Low vitamin B12 may increase the risk of age-related macular degeneration (AMD), a degenerative eye disease and common cause of vision decline after age 60. High vitamin D levels, meanwhile, may reduce the risk.
At the University of Sydney in Australia, researchers found that low blood levels of vitamin B12 were associated with an increased risk of AMD among more than 2,000 participants in the Blue Mountains Eye Study, a population-based assessment of visual impairment and common eye diseases among older Australians.
As well, high levels of homocysteine in the blood were associated with an increased likelihood of AMD in study participants over age 75. Homocysteine is an amino acid the body derives from the digestion of protein-rich foods.
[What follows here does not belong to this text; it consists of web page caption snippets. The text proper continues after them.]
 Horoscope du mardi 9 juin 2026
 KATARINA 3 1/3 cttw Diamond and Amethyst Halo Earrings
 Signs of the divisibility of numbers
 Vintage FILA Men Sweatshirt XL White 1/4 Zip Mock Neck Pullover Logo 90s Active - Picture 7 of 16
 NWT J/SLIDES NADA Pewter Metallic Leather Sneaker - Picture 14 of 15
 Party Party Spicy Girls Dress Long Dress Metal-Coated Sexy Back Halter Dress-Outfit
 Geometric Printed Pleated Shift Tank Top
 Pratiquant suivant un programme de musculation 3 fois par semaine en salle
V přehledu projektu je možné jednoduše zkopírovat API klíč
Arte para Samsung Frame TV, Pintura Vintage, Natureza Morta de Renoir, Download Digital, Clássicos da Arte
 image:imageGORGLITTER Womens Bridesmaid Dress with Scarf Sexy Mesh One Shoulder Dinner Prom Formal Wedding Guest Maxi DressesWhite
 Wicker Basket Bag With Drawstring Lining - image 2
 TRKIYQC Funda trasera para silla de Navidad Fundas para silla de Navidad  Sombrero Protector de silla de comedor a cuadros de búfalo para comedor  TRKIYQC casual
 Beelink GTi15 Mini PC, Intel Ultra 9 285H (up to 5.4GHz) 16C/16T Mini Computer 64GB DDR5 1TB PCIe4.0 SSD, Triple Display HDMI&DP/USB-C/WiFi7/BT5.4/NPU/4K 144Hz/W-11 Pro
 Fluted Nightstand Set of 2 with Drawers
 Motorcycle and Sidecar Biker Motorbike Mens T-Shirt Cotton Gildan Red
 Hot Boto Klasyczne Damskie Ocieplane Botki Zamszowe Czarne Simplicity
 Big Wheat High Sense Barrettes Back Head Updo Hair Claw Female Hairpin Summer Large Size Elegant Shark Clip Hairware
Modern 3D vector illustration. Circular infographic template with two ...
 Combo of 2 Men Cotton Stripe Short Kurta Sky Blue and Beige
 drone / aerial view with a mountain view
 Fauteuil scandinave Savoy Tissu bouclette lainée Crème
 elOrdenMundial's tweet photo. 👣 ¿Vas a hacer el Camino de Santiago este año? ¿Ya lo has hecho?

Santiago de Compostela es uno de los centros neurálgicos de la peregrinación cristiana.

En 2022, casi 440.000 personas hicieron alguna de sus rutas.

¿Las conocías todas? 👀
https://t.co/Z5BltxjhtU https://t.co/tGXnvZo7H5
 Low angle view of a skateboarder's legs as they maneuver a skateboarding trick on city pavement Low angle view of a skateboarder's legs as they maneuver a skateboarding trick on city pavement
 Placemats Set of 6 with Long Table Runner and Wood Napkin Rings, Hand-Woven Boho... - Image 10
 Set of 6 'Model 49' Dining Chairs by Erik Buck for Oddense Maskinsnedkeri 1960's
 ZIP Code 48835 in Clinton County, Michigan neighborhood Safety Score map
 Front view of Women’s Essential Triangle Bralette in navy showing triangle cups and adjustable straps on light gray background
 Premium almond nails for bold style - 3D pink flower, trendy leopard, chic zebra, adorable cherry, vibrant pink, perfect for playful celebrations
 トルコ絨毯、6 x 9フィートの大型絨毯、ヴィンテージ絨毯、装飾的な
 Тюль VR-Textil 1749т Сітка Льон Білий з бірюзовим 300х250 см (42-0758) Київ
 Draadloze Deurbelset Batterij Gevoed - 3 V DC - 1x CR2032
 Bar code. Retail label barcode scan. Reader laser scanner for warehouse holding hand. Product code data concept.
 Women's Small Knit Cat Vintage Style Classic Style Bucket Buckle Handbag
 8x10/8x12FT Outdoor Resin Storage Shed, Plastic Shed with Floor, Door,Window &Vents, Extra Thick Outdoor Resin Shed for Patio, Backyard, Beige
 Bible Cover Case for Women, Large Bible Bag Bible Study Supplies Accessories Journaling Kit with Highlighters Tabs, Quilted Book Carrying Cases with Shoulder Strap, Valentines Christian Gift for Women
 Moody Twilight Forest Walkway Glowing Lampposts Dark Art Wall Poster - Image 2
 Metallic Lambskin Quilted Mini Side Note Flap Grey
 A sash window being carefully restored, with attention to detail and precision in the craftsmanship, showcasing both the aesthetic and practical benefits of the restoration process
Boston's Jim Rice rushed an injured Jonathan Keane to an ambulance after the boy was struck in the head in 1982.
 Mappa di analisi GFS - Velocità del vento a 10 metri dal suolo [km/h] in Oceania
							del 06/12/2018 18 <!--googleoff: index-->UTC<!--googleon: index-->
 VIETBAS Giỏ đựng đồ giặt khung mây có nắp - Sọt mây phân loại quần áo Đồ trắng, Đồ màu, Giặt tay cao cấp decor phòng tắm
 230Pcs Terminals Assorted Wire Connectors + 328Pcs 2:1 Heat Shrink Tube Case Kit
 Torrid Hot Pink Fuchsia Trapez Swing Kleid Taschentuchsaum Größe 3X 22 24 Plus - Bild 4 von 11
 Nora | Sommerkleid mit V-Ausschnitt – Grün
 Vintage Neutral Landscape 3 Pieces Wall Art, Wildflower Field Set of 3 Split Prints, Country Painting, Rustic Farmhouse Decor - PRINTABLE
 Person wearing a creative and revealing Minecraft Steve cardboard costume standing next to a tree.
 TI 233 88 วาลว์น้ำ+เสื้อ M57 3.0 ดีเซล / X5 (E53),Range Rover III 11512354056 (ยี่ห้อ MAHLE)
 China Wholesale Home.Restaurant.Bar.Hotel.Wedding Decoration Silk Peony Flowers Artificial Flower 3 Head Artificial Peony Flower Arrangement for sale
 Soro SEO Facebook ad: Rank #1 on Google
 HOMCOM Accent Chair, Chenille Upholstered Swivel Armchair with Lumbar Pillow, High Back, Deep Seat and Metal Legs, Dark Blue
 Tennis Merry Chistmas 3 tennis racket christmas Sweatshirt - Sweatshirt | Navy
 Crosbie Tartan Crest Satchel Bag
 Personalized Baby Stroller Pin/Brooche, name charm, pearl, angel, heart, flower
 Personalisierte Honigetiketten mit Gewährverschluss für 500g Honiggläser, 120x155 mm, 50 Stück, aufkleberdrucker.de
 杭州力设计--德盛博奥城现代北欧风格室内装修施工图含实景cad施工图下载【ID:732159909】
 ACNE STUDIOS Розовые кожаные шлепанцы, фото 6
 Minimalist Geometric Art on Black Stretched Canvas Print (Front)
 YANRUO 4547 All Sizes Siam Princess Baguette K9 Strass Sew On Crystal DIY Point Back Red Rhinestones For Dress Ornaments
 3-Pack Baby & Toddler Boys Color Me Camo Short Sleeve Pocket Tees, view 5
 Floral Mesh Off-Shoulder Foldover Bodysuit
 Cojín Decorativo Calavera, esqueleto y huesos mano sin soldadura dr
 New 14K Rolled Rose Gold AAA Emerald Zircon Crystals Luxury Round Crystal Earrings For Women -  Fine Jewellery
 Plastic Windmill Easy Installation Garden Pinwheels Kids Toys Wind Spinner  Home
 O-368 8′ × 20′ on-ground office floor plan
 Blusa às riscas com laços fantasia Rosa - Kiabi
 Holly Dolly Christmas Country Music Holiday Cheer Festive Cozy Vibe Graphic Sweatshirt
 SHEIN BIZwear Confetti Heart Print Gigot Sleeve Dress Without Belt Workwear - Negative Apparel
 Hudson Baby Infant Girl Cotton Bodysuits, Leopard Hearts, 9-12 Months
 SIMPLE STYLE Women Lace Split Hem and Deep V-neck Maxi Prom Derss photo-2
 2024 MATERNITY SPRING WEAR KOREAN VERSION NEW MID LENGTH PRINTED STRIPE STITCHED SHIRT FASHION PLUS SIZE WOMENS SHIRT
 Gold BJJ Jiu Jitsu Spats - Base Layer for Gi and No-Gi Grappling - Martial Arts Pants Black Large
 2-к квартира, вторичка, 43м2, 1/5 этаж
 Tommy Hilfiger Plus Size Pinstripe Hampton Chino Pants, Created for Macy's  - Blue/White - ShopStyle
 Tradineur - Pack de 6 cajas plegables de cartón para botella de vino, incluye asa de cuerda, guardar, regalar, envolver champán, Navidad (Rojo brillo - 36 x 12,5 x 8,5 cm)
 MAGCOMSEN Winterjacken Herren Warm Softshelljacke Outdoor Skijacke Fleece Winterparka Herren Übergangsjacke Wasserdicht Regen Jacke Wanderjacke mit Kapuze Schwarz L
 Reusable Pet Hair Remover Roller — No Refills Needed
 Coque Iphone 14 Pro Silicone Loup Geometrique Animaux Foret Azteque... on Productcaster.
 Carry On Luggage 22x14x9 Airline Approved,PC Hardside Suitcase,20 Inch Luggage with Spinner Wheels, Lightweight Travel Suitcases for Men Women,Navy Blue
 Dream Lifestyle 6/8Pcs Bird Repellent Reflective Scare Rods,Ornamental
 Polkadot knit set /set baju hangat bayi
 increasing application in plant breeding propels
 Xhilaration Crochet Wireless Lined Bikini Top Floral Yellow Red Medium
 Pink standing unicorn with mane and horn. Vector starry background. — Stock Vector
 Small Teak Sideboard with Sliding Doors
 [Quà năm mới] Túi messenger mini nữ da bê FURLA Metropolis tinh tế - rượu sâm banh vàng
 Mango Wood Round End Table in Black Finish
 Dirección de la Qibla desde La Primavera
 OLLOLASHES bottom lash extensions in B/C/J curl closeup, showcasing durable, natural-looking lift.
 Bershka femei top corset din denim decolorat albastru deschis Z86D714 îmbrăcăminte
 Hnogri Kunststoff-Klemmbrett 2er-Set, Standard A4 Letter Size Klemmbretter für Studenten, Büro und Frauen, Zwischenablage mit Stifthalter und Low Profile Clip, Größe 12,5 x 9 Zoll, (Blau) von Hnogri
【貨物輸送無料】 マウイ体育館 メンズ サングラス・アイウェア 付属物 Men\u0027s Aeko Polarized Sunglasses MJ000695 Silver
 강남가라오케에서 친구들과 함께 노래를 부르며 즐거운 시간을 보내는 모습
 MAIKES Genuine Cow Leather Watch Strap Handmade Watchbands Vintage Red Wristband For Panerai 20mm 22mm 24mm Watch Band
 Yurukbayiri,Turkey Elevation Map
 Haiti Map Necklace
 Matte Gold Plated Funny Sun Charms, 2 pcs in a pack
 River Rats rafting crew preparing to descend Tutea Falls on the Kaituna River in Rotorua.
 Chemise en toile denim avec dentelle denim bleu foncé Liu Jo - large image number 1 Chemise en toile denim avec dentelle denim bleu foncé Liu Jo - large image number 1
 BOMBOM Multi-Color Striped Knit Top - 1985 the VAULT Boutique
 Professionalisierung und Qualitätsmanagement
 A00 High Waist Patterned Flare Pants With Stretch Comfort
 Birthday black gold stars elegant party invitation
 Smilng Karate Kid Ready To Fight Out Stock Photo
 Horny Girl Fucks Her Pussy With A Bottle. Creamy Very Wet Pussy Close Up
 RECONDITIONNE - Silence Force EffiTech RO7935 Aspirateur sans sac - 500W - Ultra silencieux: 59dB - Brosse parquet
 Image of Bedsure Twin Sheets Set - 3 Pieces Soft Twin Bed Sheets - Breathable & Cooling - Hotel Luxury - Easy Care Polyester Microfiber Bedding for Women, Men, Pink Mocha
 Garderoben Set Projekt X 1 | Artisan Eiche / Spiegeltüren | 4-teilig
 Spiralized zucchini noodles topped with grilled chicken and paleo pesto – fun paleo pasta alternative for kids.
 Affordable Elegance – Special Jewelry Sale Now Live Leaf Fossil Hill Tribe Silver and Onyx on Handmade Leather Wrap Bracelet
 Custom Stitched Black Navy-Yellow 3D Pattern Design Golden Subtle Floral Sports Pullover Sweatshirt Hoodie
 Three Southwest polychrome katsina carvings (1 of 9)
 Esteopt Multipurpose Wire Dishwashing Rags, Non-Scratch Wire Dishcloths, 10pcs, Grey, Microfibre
"Increased homocysteine and low vitamin B12 were independently associated with an increased risk of AMD in this study population," the researchers concluded.
The possible role of vitamin D in protecting against AMD comes to light from the United States, where researchers scrutinized relevant data from the third National Health and Nutrition Examination Survey.
Individuals with higher levels of vitamin D were less likely to develop early AMD, the researchers found. Intake of milk and fish, both sources of vitamin D, seemed to reduce the risk; and vitamin D supplements seemed to help those who consumed little milk.
"This study provides evidence that vitamin D may protect against AMD," the researchers concluded, although acknowledging that more research is needed to confirm their findings.